Liputan6.com, Jakarta - Penutupan Selat Hormuz oleh Iran diklaim akan sangat berdampak terhadap sektor logistik nasional. Sehingga tidak hanya mengancam keterlambatan logistik, namun juga berpotensi mendongkrak harga minyak dan biaya lainnya.
Ketua Umum Dewan Pengurus Pusat Indonesian National Shipowners’ Association (DPP INSA) Carmelita Hartoto mengatakan, konflik Iran vs Israel saat ini saja sudah berdampak pada operasional Selat Hormuz, sebagai satu-satunya jalur pelayaran internasional dari/ke Teluk Arab.
"Situasi ini menyebabkan lonjakan biaya asuransi kapal (war risk premium), pengetatan pengamanan, dan potensi keterlambatan pengiriman barang," jelas Carmelita kepada Liputan6.com, Selasa (24/6/2025).
Carmelita menyatakan, Selat Hormuz merupakan jalur laut strategis yang dilalui sekitar 20 persen dari total pasokan minyak mentah dunia. Ia lantas memberikan gambaran dampaknya seperti apa, jika wilayah perairan itu benar-benar ditutup oleh Iran.
"Bisa dibayangkan bila selat Hormuz diblokade, maka akan juga berdampak terhadap harga minyak dunia. Yang mana kalau kita lihat dalam kurun waktu satu minggu setelah eskalasi konflik, harga minyak tercatat meningkat sebesar USD 10-15 per barel," urainya.
"Sehingga ini akan berdampak pada terhadap logistik nasional, mengingat biaya operasional kapal lebih dari dari setengahnya adalah biaya bahan bakar. Sehingga dampaknya mungkin terbatas, tapi signifikan bagi logistik nasional terutama dari biaya bahan bakar tadi," tegasnya.
Satu-satunya Jalur Keluar Masuk Kapal
Mengutip kanal Cek Fakta Liputan6.com, Selat Hormuz merupakan jalur laut yang menghubungkan Teluk Oman dan Teluk Persia.

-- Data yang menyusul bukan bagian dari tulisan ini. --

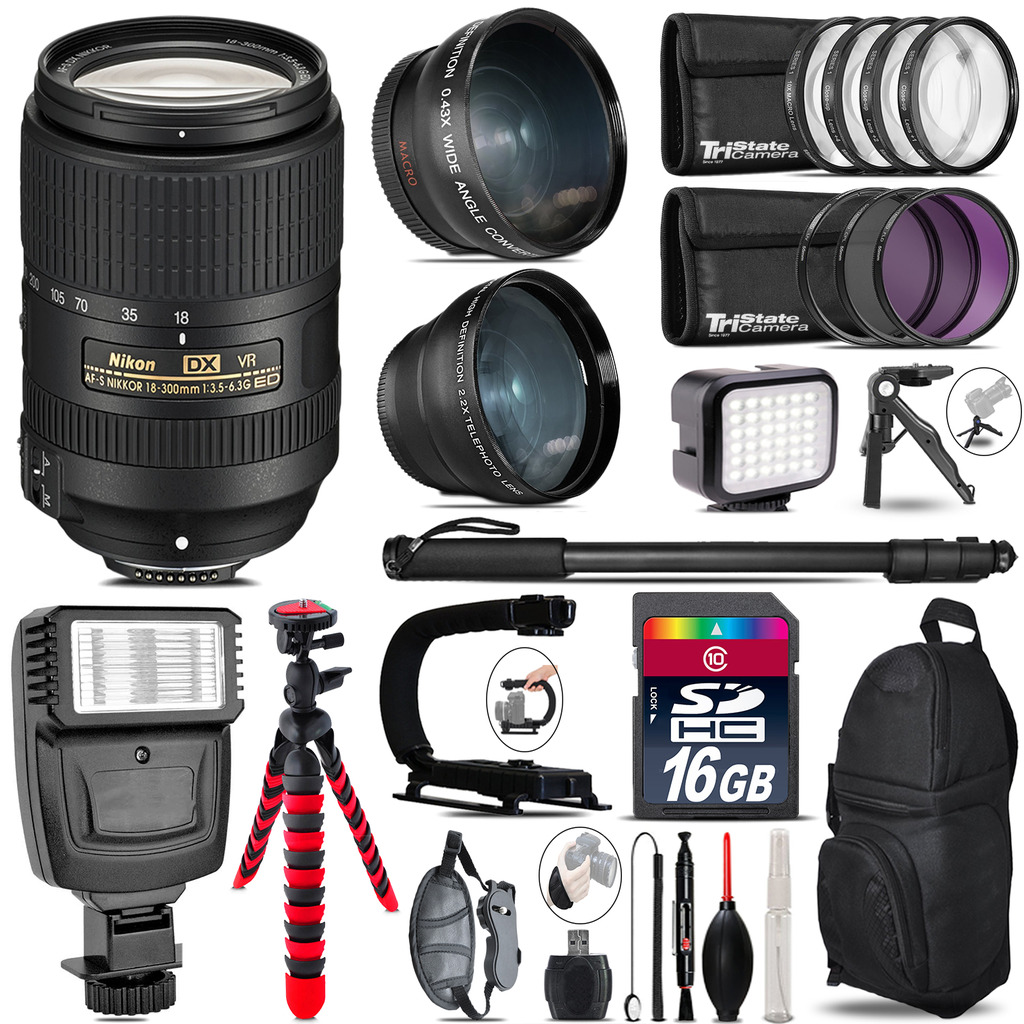 Nikon DX 18-300mm VR + Slave Flash + LED Light + Tripod - 16GB Accessory Bundle *FREE SHIPPING*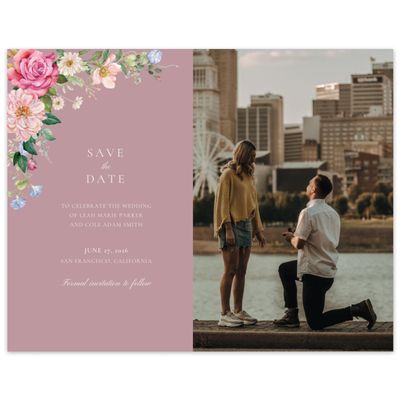 Dusty Rose, Pink Wedding Digital Save the Date - Trellis Photo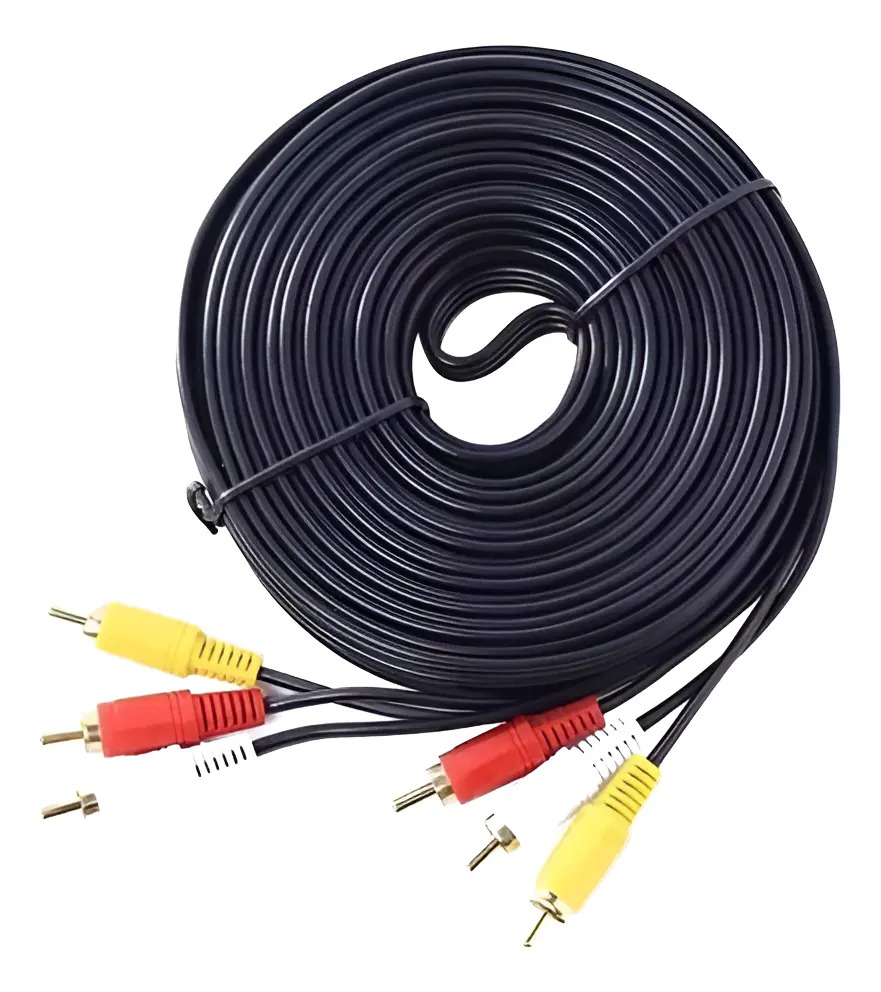 Cabo Rca X Rca 15m 15 Metros Av 3+3 Áudio Vídeo Tv Dvd Net — imagem 3 de 3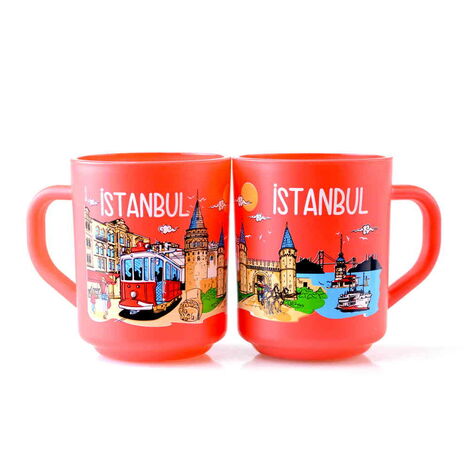 Istanbul Themed Colored Glass Mug - 4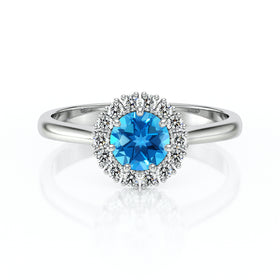 Bague entourage topaze et diamant Pour la Vie - 7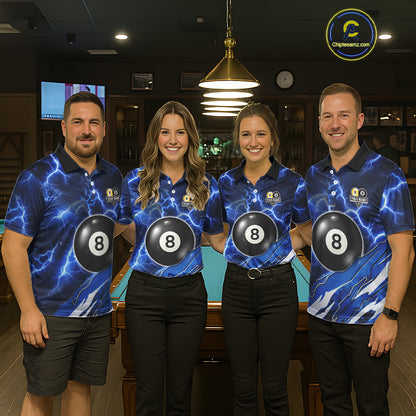 Blue Lightning Billiard Jersey For Men Custom 8 Ball 9 Ball Pool Billiard Shirt Team Polo, 1/4 Zip TDM6413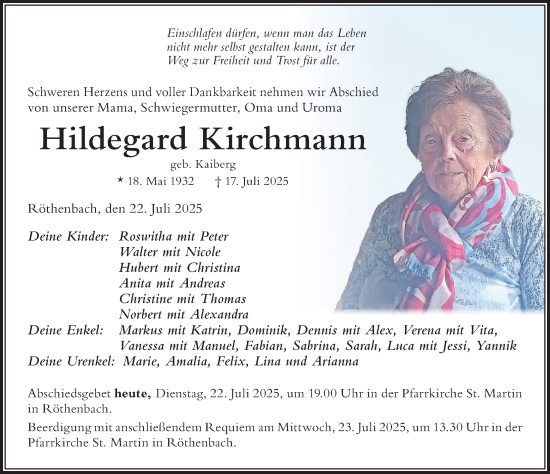 Traueranzeige von Hildegard Kirchmann von Der Westallgäuer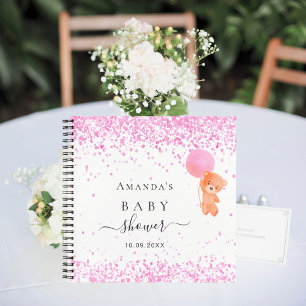 Livre d'hôte baby shower rose ours en peluche fill
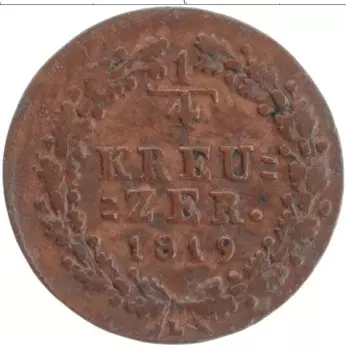 Монета 1/4 крейцера Нассау 1819 года Медь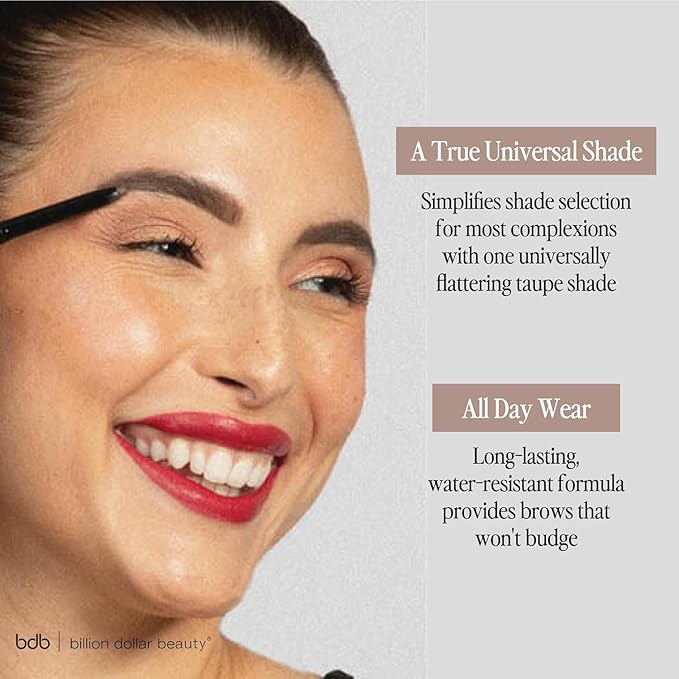 bdb Universal Eyebrow Pencil - Precision Tip & Spoolie, Waterproof, Define Shape & Fill Brows, 4-Pack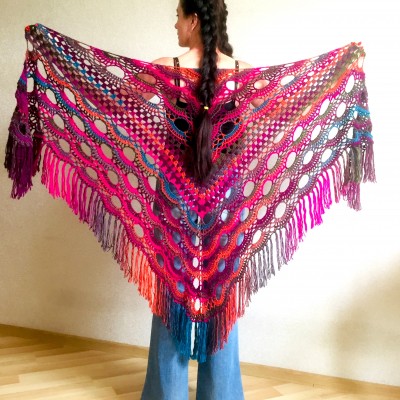 Violet crochet shawls and wraps Brooch pin Boho knit triangle scarf for women Festival mom birthday Gift For Her best friend gift grandma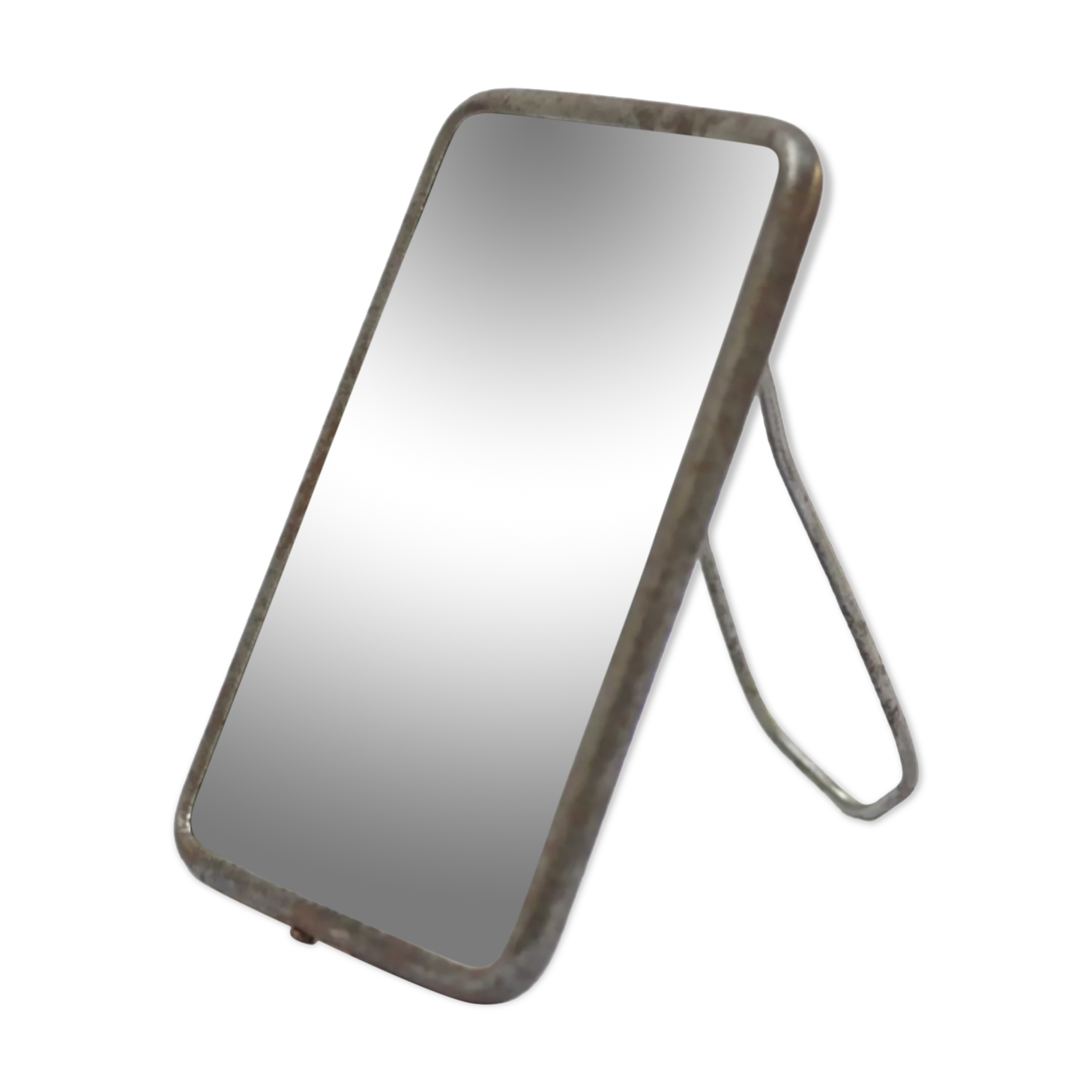 Vintage beveled barber mirror to pose or hang 15cm x 10cm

Selat ini menjadi satu-satunya jalur keluar masuk kapal dari Teluk Persia menuju Samudra Hindia.
Selat Hormuz memiliki lebar hanya 54 km pada titik tersempitnya, namun perannya sangat vital dalam perdagangan global, terutama untuk minyak bumi. Sekitar 20 persen pasokan minyak dan gas alam dunia melewati selat ini setiap harinya.
Sebagian besar dari pasokan tersebut menuju ke negara-negara Asia antara lain Tiongkok, India, dan Jepang, yang sangat bergantung pada energi dari kawasan tersebut.
Antara awal 2022 hingga bulan lalu, menurut data perusahaan analitik Vortexa, diperkirakan sekitar 17,8 juta hingga 20,8 juta barel minyak mentah, kondensat, dan bahan bakar lainnya mengalir setiap hari melalui selat ini.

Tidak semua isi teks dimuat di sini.